──────── EXTRACTED ENTRIES ────────
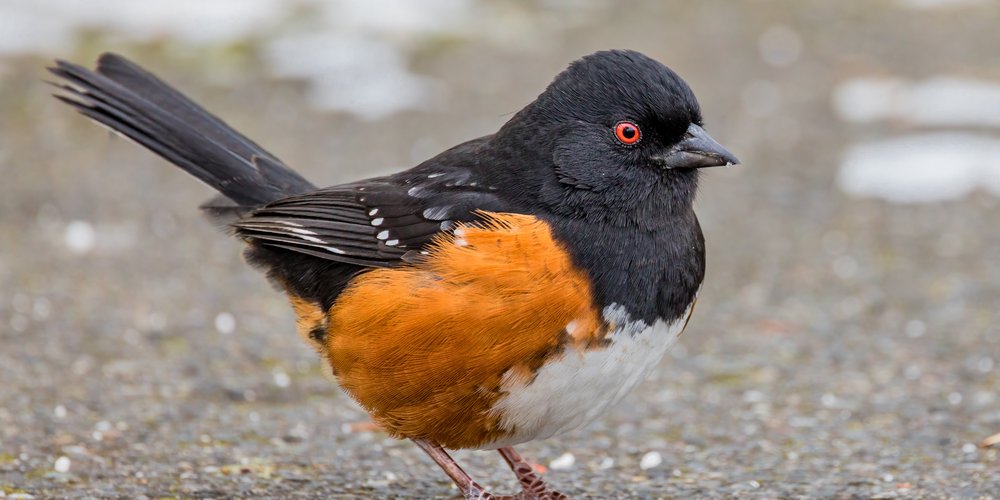 Spotted Towhee (iNaturalist 144881921)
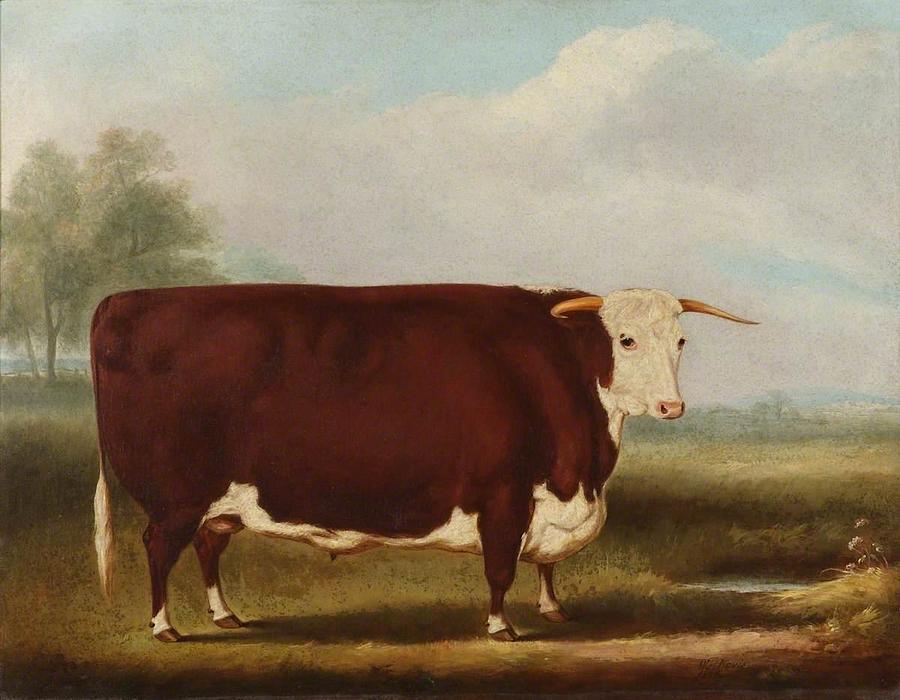 Hereford Bull Painting by William Henry Davis - Fine Art America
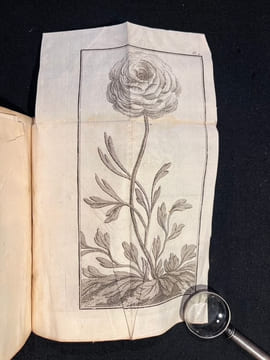 Traité des Renoncules dans lequel outre de qui concerne ces fleurs, on trouvera des observations physiques et plusieurs remarques utiles, soit pour ...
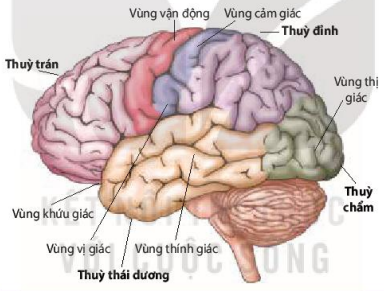 Các vùng cảm giác và vận động trên vỏ não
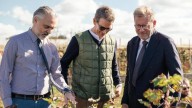 Giorgio Armani Group Presents First Apulia Regenerative Cotton Project Results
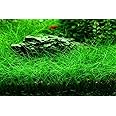 100+ SEEDS- Aquarium Grass Seeds For Planting Home Aquarium - Grow Year Round- No CO2 Required. (Dwarf Hairgrass)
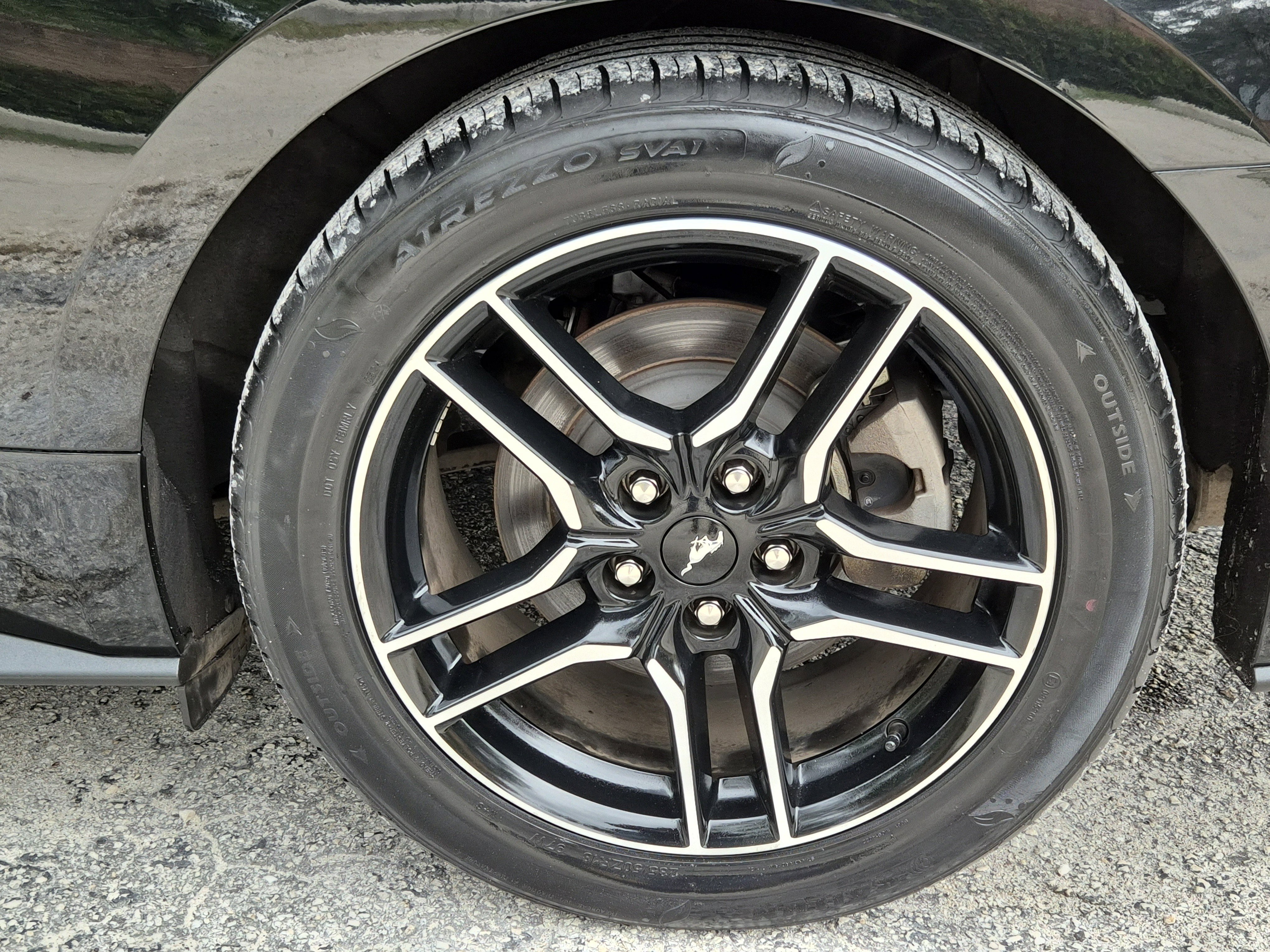 Used 2023 Ford Mustang Premium w/ Equipment Group 201A image 8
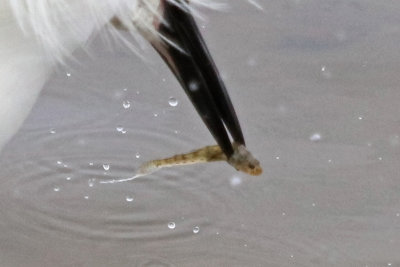 Snowy Egret caught fish (sculpin or blenny)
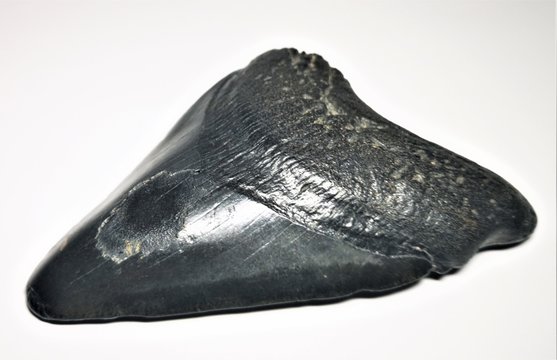 Fossiler Haizahn, Carcharocles Megalodon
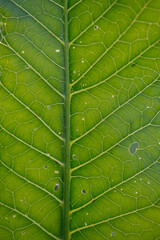 Obraz premium The texture of the horseradish leaf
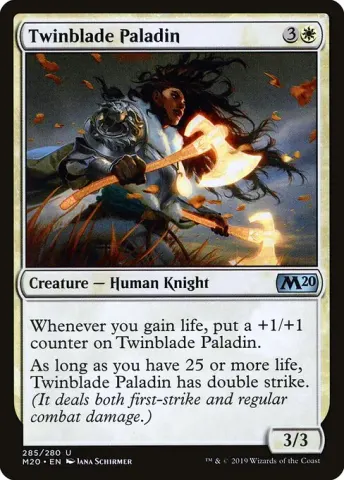 Twinblade Paladin · 285
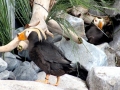 Tufted-horned Puffin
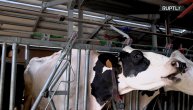 Zbog vrućina krave daju do 3l manje mleka: "Srećko" je zato ugradio tuševe i ventilatore u štalu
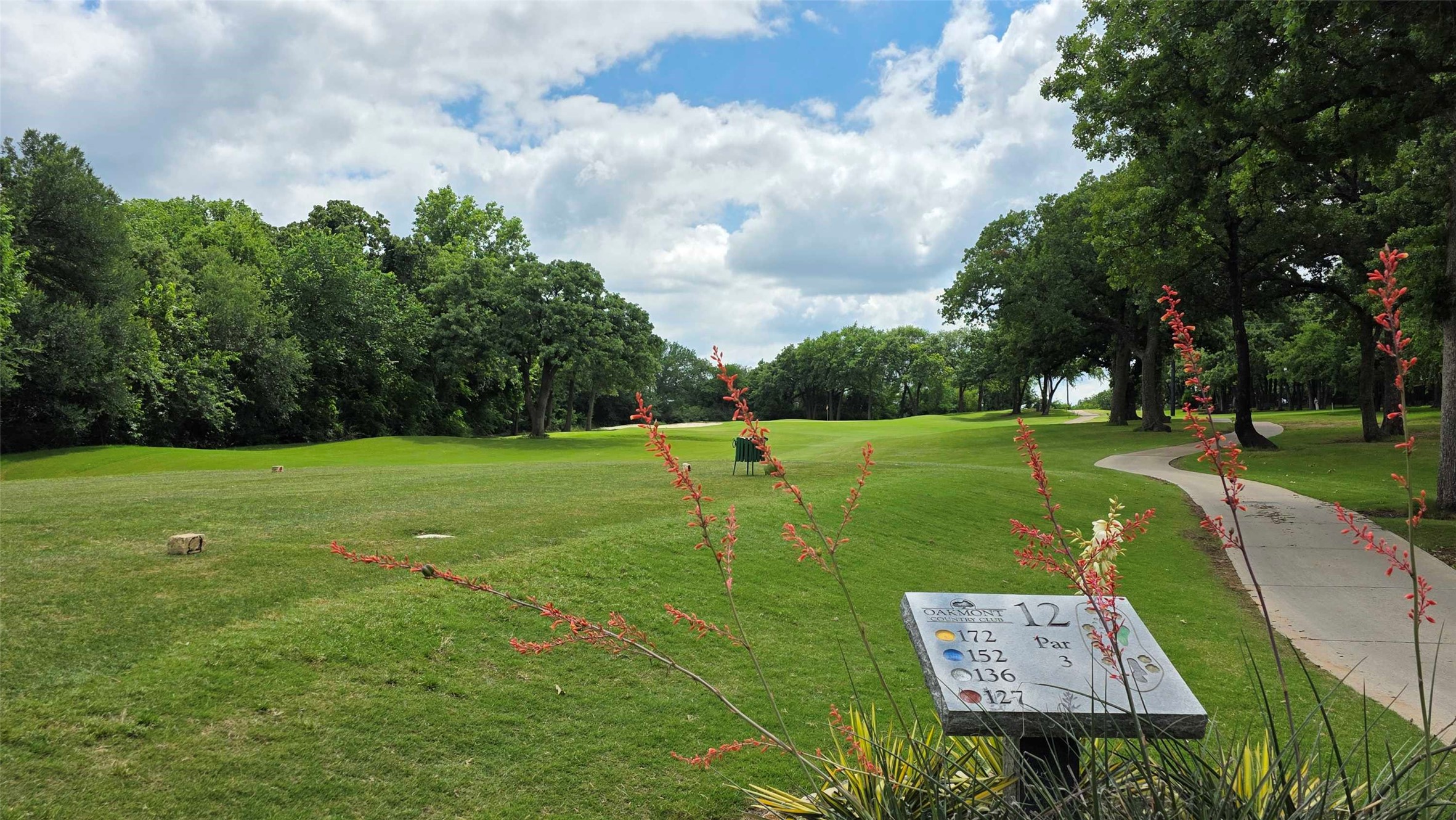 1402 Ballycastle Lane Corinth TX 76210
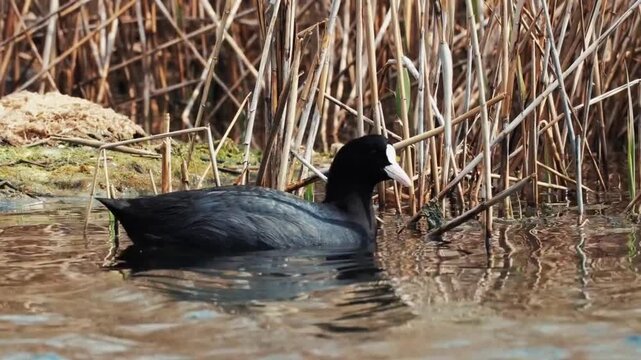 Eurasian coot swimming in a pond near reeds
────────
HOW TO COMPLETE THIS TASK: An exact restatement of the entries above is needed; no picture may appear in it.

WRITTEN ANSWER:
 Spotted Towhee (iNaturalist 144881921)
 Hereford Bull Painting by William Henry Davis - Fine Art America
 Traité des Renoncules dans lequel outre de qui concerne ces fleurs, on trouvera des observations physiques et plusieurs remarques utiles, soit pour ...
 Các vùng cảm giác và vận động trên vỏ não
 Giorgio Armani Group Presents First Apulia Regenerative Cotton Project Results
 100+ SEEDS- Aquarium Grass Seeds For Planting Home Aquarium - Grow Year Round- No CO2 Required. (Dwarf Hairgrass)
 Used 2023 Ford Mustang Premium w/ Equipment Group 201A image 8
 Snowy Egret caught fish (sculpin or blenny)
 Fossiler Haizahn, Carcharocles Megalodon
 Obraz premium The texture of the horseradish leaf
 Twinblade Paladin · 285
 Tufted-horned Puffin
 Zbog vrućina krave daju do 3l manje mleka: "Srećko" je zato ugradio tuševe i ventilatore u štalu
 1402 Ballycastle Lane Corinth TX 76210
 Eurasian coot swimming in a pond near reeds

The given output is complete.